**What the exercise asks:**
There is one span to output from the data below: the lines starting at the line with "5th image of 354 Cloverleaf Dr" and ending at the line with "El sistema de". Output it exactly, ends included, nothing more.
[Input data Boundary: Start]
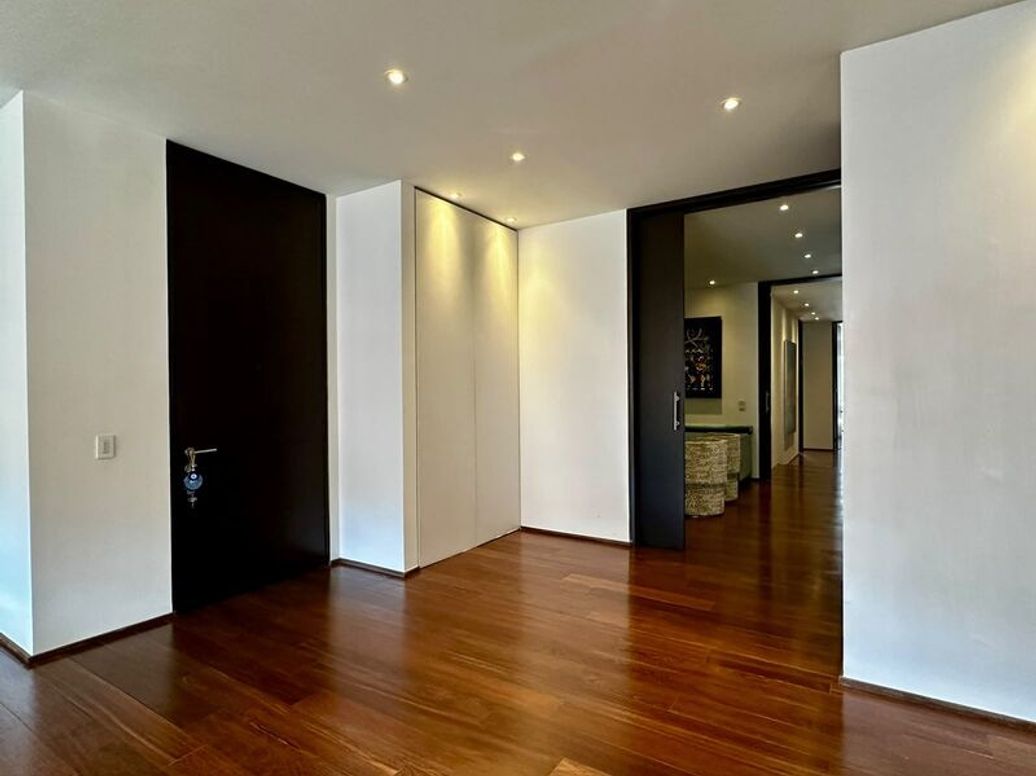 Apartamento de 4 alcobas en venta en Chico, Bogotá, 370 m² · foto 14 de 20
[Input data Boundary: End]
[Input data Boundary: Start]
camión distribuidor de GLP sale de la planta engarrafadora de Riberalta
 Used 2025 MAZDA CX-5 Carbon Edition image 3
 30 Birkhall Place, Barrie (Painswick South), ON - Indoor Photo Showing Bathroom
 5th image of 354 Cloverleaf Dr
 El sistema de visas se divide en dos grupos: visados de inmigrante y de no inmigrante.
[Input data Boundary: End]
**Output for this task:**
 5th image of 354 Cloverleaf Dr
 El sistema de visas se divide en dos grupos: visados de inmigrante y de no inmigrante.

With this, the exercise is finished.